Non profit
Gli americani hanno perso due milioni di case
conti in rosso Un elemento dirompente sulla campagna americana
di Redazione
La crisi economica statunitense, cominciata con il rallentamento del mercato immobiliare, è la storia di come il sogno americano possa finire in polvere. È la storia, riportata dal Wall Street Journal, di Raymond Dixon, un 36enne del Michigan, installatore di sistemi di sicurezza, con moglie e sei figli. È anche la storia di Joe e Mary, raccontata al sito web californiano Doctor Housing Bubble. Giovane coppia di Los Angeles, lui è un consulente finanziario, lei un’agente immobiliare. Assieme guadagnano 130mila dollari l’anno. Anche Casey Serin, che fino all’estate scorsa ha tenuto un blog sulle proprie disavventure (iamfacingforeclosure.com), condivide lo stesso destino. Nel 2005, appena ventiquattrenne, aveva creduto di poter diventare milionario grazie alla speculazione immobiliare. È anche la storia del gigante Fanny Mae, l’istituzione creata dal governo nel 1938 e oggi interamente finanziata con capitali privati, che ha lo scopo di garantire la disponibilità di credito alle famiglie americane che vogliono acquistare casa.

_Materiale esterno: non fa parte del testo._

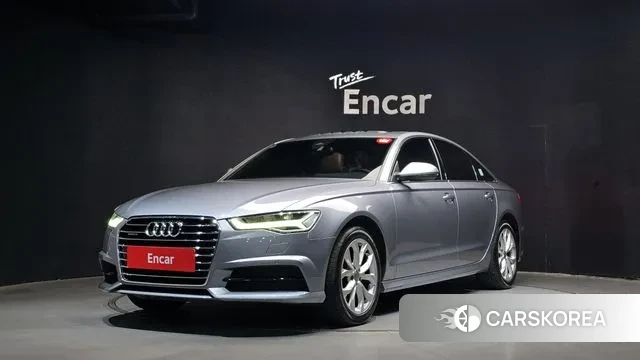 Audi New A6 2018 Серебристо-серый из Кореи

Sotto l’euforia, però, la crisi aveva già messo radici. Nicholas Von Hoffman scriveva su The Nation nel marzo 2007. «Per ottenere un prestito da una banca bastava provare d’essere in vita. Non ti puoi permettere di versare un anticipo sull’acquisto? Non ti preoccupare. Hai una storia creditizia abominevole? Non ci guarda nessuno. Non hai un soldo in banca? Non facciamo domande imbarazzanti. Diamo solo via prestiti».
Tutti speravano di approfittare del rialzo dei prezzi grazie al sistema dei mutui subprime, prestiti che richiedono pochissime garanzie da parte del debitore e che però offrono condizioni pessime e tassi d’interessi da usura.

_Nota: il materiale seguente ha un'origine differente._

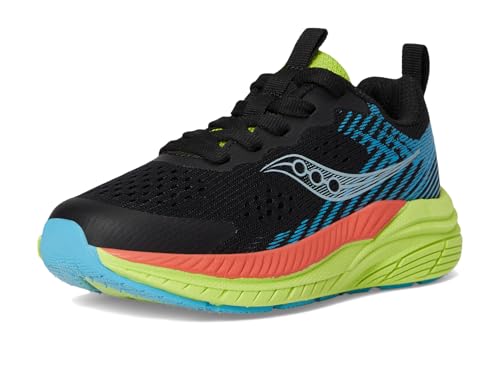 Saucony Unisex Kids Hurricane KDZ (Big Kid) Multi 4 Big Kid Medium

Raymond Dixon prese in prestito 180mila dollari nel 2004 e comprò una casa a Detroit. Nello stesso anno Joe e Mary, nonostante avessero già un debito di decine di migliaia di dollari accumulato con le carte di credito, firmarono un mutuo subprime e acquistarono una casa per 675mila dollari. E Casey, che per cominciare la propria scalata al sogno americano aveva comperato otto proprietà nel 2005, si rivolse esclusivamente a prestiti subprime.

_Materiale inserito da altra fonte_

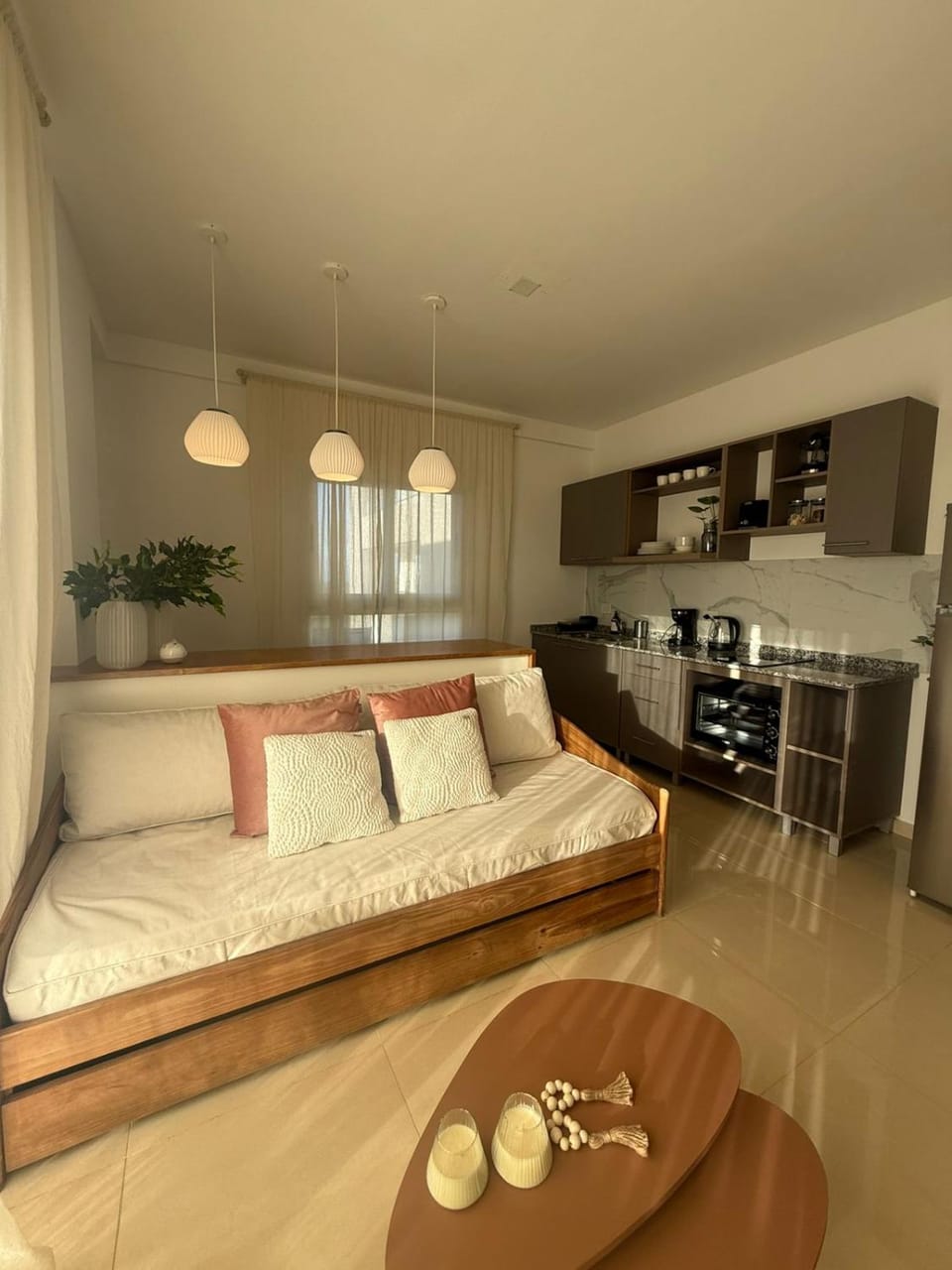Kitchen or kitchenette, Living room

Nemmeno le istituzioni finanziare si preoccupavano delle insolvenze. Grazie a strumenti raffinati, come ad esempio le obbligazioni collateralizzate di debito, il debito contratto dall’individuo era rivenduto dalla banca ad altre istituzioni finanziare e da queste ad altre ancora. Il debito passava di mano in mano, diviso in parcelle, rivalutato, e alla fine non si sapeva più chi era responsabile per l’ammontare di denaro originario.
Infine, il mercato immobiliare cominciò a rallentare. L’architettura finanziaria, che aveva tenuto insieme il sistema, ha ceduto. Le case hanno perso di valore e le famiglie americane non sono più state in grado di ottenere il rifinanziamento dei mutui. I debitori, costretti ad affrontare gli interessi da usura dei prestiti subprime, hanno smesso di pagare le rate e hanno dovuto riconsegnare le proprie abitazioni alle banche. Le istituzioni finanziare mondiali, travolte dalle insolvenze, hanno ammesso perdite di miliardi di dollari, dichiarato bancarotta, chiesto l’intervento dei governi.
Nel 2007 circa 1 milione e 300mila proprietà immobiliari sono tornate nelle mani delle banche, il 79% in più rispetto al 2006. Il ministro del Tesoro americano Henry Paulson ha ammesso che questo numero potrebbe raggiungere i 2 milioni nel 2008.
Gli effetti della crisi immobiliare si sentono già negli altri settori dell’economia, con la diminuzione dei consumi e il rischio di stagnazione. La Federal Reserve è intervenuta tagliando ripetutamente i principali tassi d’interesse (federal funds rate e discount rate) per iniettare liquidità sui mercati. Il 13 febbraio, Bush ha firmato un pacchetto per 152 miliardi di dollari, ma per ora non si è reso disponibile ad approvare altre misure nonostante le pressioni del Congresso. Intanto il dollaro è sceso sino al suo nuovo minimo storico, scambiato per 0,66 euro venerdì 29 febbraio contro gli 0,77 di 12 mesi prima.